Hacker News new | ask | show | jobs
by brtv 1106 days ago
Interesting! I'm currently working on a system that writes time series data to raw binary files, but we're considering switching to a different file format for the same reasons. Have you considered any other formats, such as hdf5?
1 comments

The one potential requirement I'll caution you on is resilience against write failures, in case you're collecting time-series data and can't afford to lose a "session" or spend time messing with recovery options. HDF5 is not made for that. Binary and SQLite are better in that respect. SQLite wins on usability against binary and HDF5.

https://cyrille.rossant.net/moving-away-hdf5/

I'm not familiar with HDF5 but agree on resiliency. We are a collegiate racing team and our car's power rails aren't stable and redundant at all times, so power loss failure is something I've kept in mind from day one on my telemetry project. SQLite is generally equipped to handle power losses and write thread crashes:

> An SQLite database is highly resistant to corruption. If an application crash, or an operating-system crash, or even a power failure occurs in the middle of a transaction...

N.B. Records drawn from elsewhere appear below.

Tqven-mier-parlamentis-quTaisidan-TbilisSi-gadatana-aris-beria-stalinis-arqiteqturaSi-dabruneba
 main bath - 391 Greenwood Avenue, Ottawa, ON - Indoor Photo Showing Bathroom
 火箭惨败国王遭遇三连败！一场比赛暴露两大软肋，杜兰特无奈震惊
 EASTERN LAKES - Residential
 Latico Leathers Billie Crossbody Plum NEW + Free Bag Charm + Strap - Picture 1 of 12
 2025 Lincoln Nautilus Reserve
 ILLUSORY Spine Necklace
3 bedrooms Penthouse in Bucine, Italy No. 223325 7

Quite often after a run the entire car is turned off and, on next power up, the databases are left as .db and .db-journal files. The code has no problem processing or even continuing on logging with DBs in this state.

HDF5 is more for storing and exchanging numerical simulation data. It doesn't have to be resilient to write failures because worst-case scenario you rerun the simulation or try again to copy the data into the file.

SQLite writes are "atomic" transactions. After writing new data, it goes back to the index and registers that new data has been written using a single instruction. That's why interrupting it in the middle of a write doesn't result in partial data or a corrupted index.